Agora, o que faz menos sentido ainda é considerar que até as mulheres vitoriosas sejam tais bibelôs. Afinal, as candidatas à reeleição também são contempladas pela lei. De modo que, ao fim e ao cabo, chamar autoridade de gorda no Twitter dá cadeia – mas só se for uma autoridade fêmea ou que se sente como tal.

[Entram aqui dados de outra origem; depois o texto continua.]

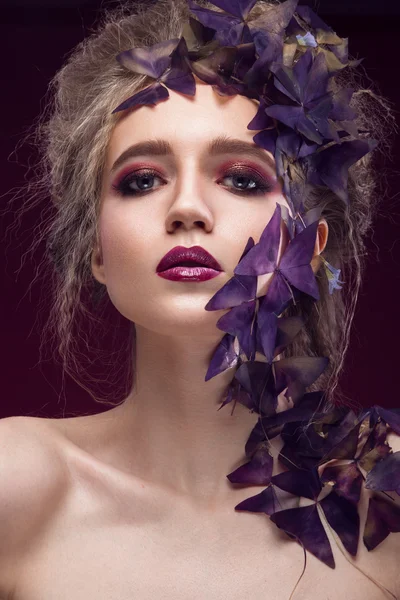 Imagen creativa de moda, chica con un maquillaje brillante y planta púrpura en su cara . — Foto de Stock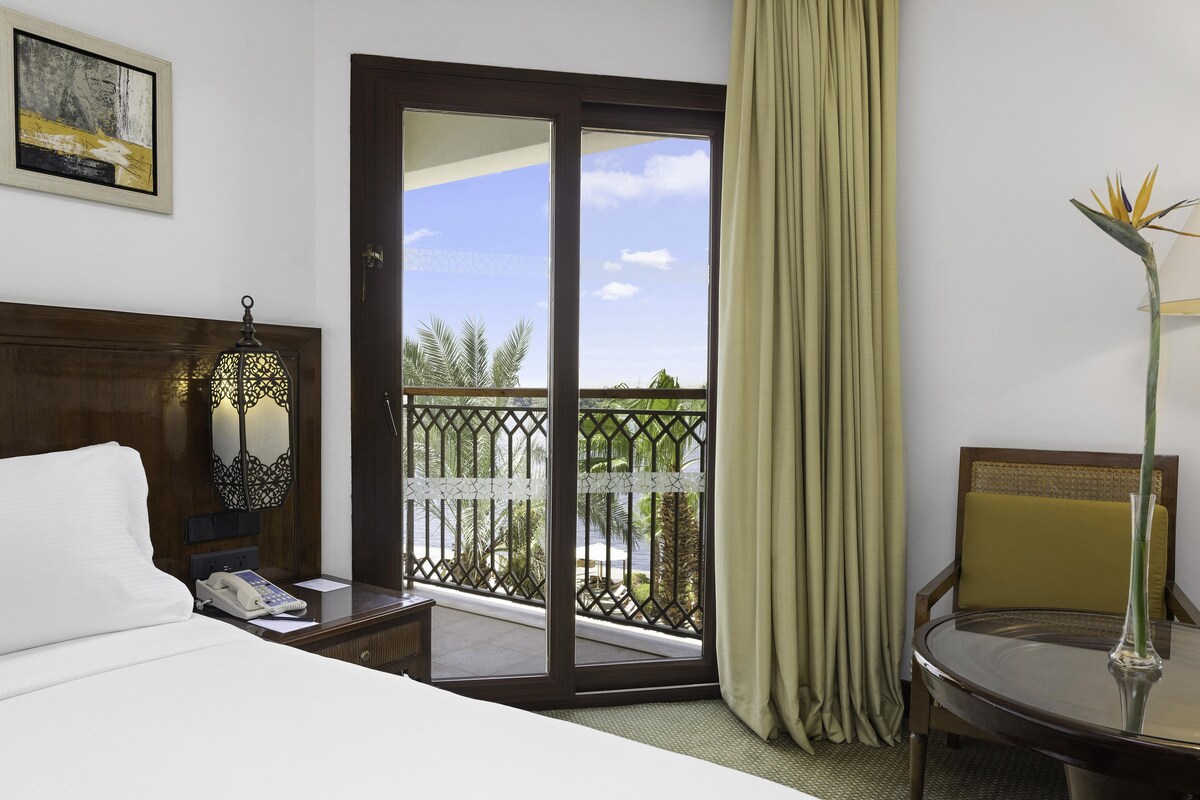 A hotel room with a bed, a desk with a phone, a chair, a balcony with a view, and a painting on the wall.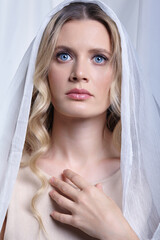 Portrait of a young woman against a background of white fabric. Female head is covered with a white cloth. - 775509821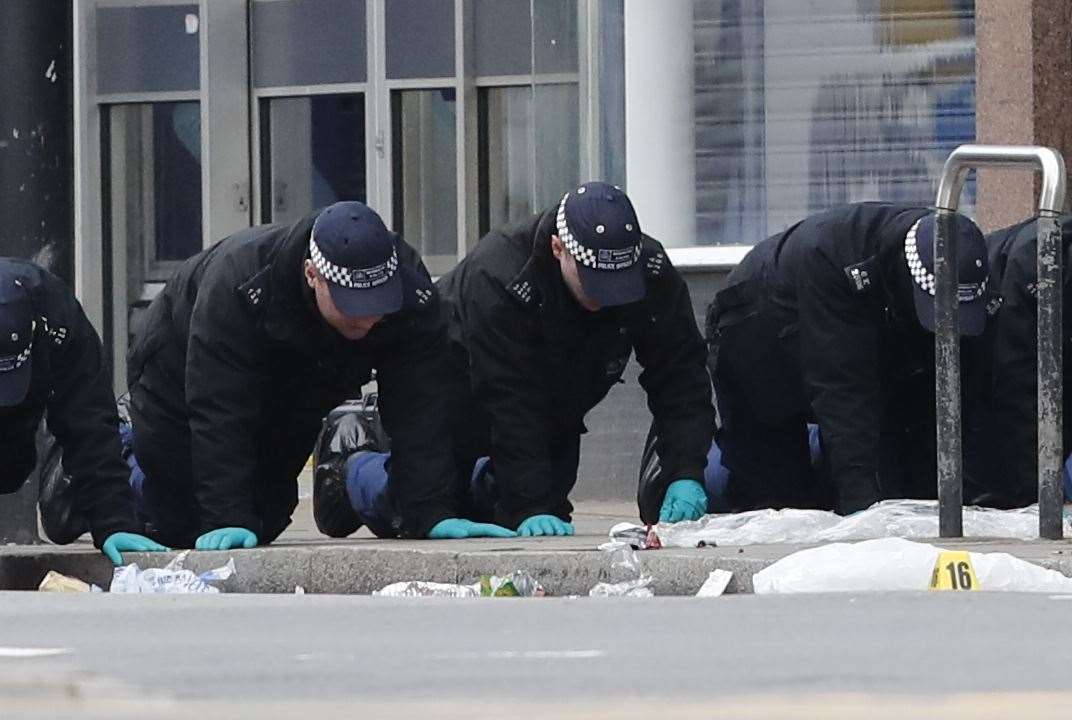 Police conduct a fingertip search following the terror attack in Streatham High Road (Aaron Chown/PA)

Não pode criticar autoridade!

Numa democracia, há liberdade de expressão suficiente para falar mal de autoridades sem ir para a cadeia. Se votarmos em autoridades fêmeas, porém, não teremos liberdade nem para dizermos que é gorda. Nem mesmo Alexandre de Moraes quis meter alguém na cadeia por chamá-lo de careca. Assim, só podemos continuar sendo uma democracia se deixarmos de votar em mulheres. Já passou da hora de começar esse boicote, já que essa bancada feminina só faz besteira e mata de vergonha as mulheres decentes. Vale lembrar que a maioria do eleitorado brasileiro é feminino, ao passo que a minoria dos eleitos é feminina. As mulheres votam nos homens.

Era só o que faltava: aspirantes a autoridades ganharem o direito de botar na cadeia quem as chame de gordas. Isso só mostra que a maioria das mulheres eleitas deveria era estar num spa cuidando do próprio peso, em vez de ficar no Congresso fazendo lei.